**Extracted material**
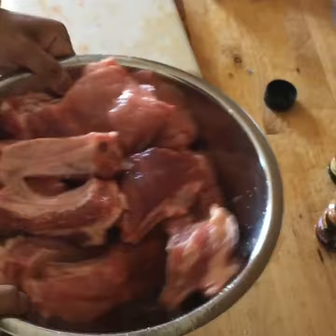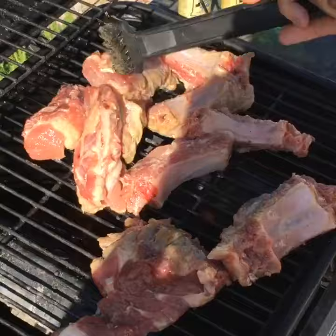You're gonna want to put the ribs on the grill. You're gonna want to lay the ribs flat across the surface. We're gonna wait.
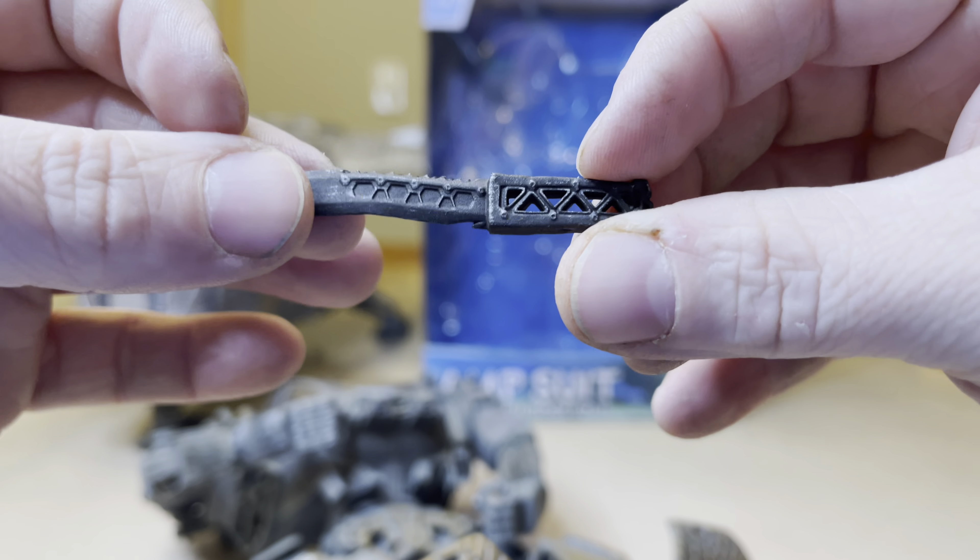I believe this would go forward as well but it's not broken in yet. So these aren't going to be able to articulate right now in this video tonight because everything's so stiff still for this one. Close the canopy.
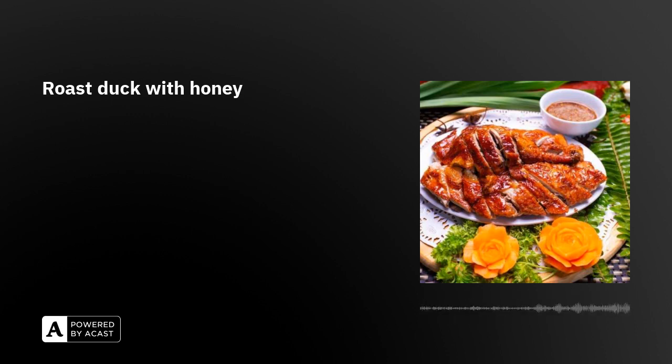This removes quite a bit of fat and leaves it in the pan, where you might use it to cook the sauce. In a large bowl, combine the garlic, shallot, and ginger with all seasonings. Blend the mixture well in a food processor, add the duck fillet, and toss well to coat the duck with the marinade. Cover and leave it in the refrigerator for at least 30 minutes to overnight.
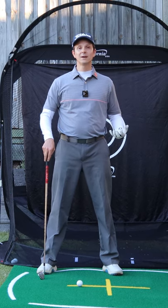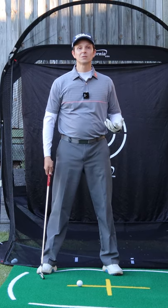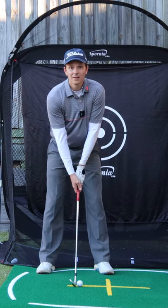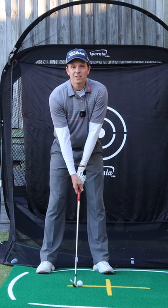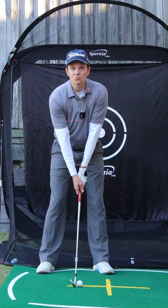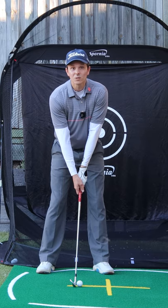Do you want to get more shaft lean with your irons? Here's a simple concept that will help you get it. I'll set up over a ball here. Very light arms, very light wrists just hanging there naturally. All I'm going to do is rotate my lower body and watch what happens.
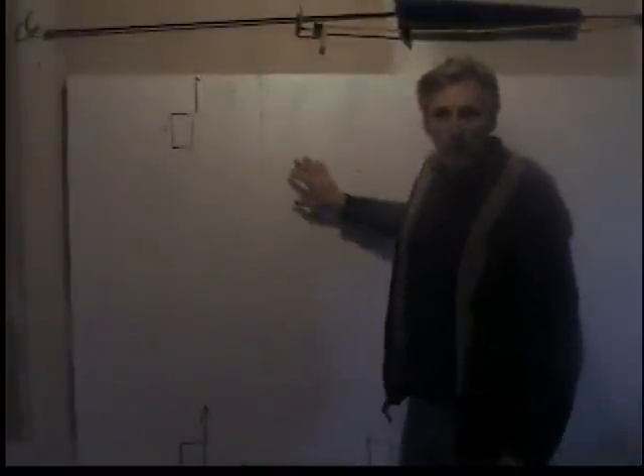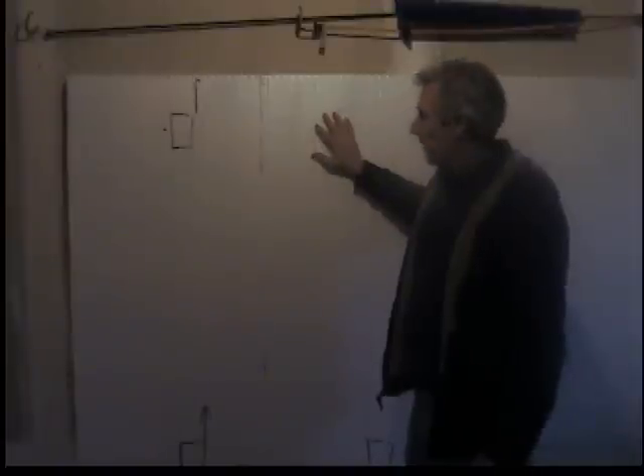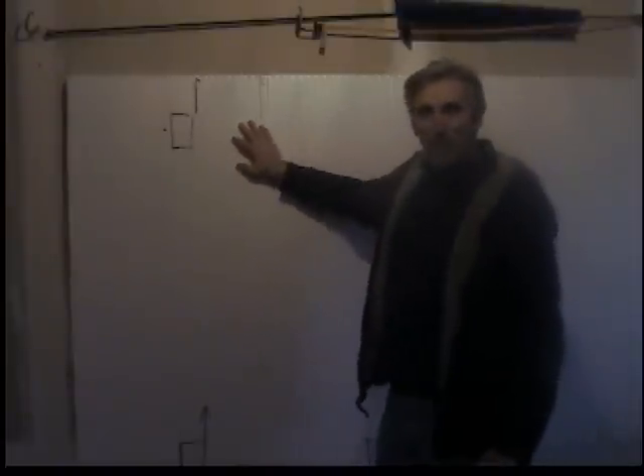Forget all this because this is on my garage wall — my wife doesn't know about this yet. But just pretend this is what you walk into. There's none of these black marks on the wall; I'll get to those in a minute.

---

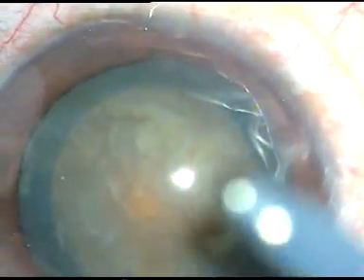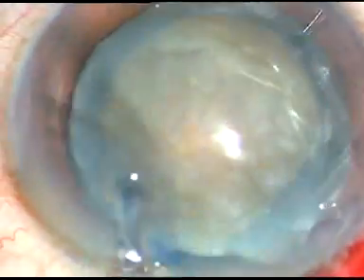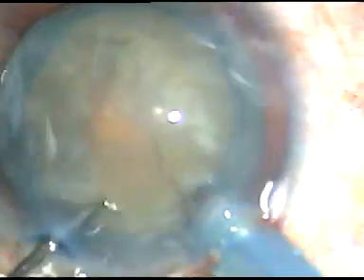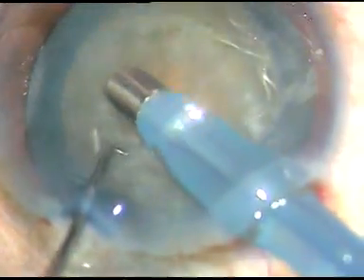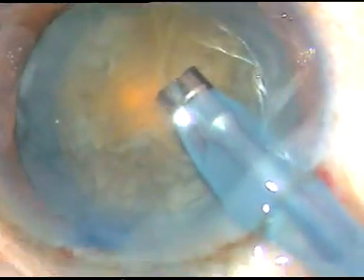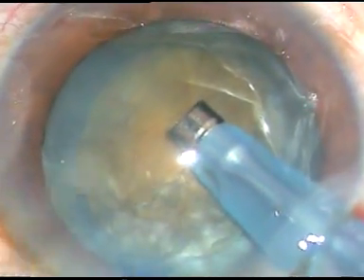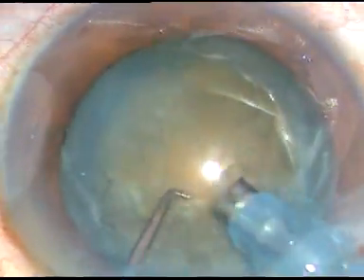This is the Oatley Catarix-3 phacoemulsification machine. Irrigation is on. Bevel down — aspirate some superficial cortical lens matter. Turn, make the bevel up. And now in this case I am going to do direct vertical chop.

==

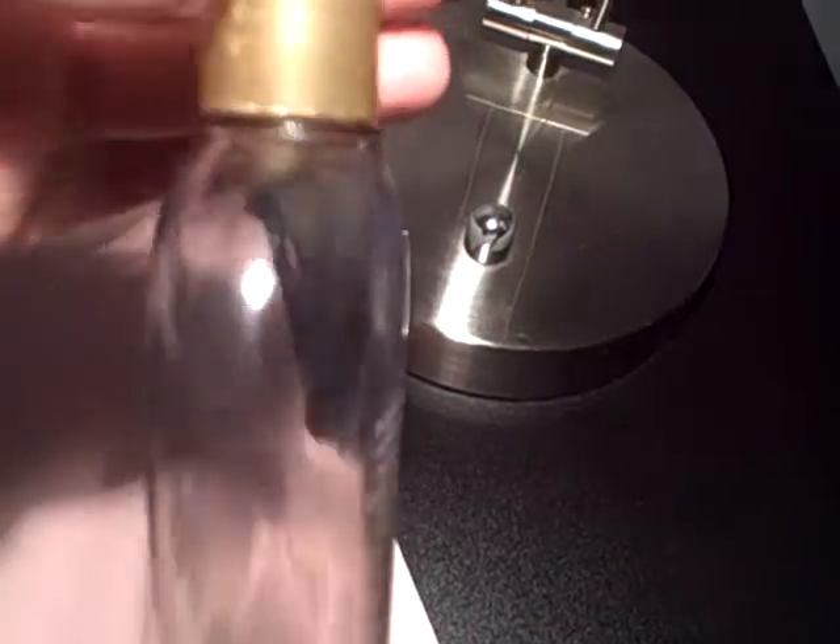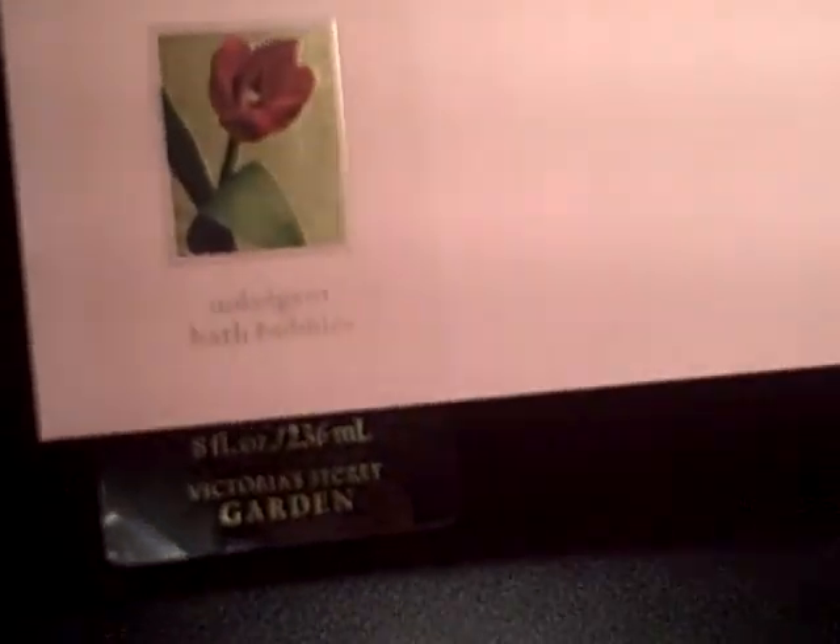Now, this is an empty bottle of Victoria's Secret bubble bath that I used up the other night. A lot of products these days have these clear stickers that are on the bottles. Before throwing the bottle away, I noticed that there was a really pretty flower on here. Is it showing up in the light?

**Try it**
From the material above, output only the span of lines that starts at the one containing "This removes quite" and finishes at the one containing "Forget all this", word for word and free of pictures.

**Expected output**
This removes quite a bit of fat and leaves it in the pan, where you might use it to cook the sauce. In a large bowl, combine the garlic, shallot, and ginger with all seasonings. Blend the mixture well in a food processor, add the duck fillet, and toss well to coat the duck with the marinade. Cover and leave it in the refrigerator for at least 30 minutes to overnight.
Do you want to get more shaft lean with your irons? Here's a simple concept that will help you get it. I'll set up over a ball here. Very light arms, very light wrists just hanging there naturally. All I'm going to do is rotate my lower body and watch what happens.
Forget all this because this is on my garage wall — my wife doesn't know about this yet. But just pretend this is what you walk into. There's none of these black marks on the wall; I'll get to those in a minute.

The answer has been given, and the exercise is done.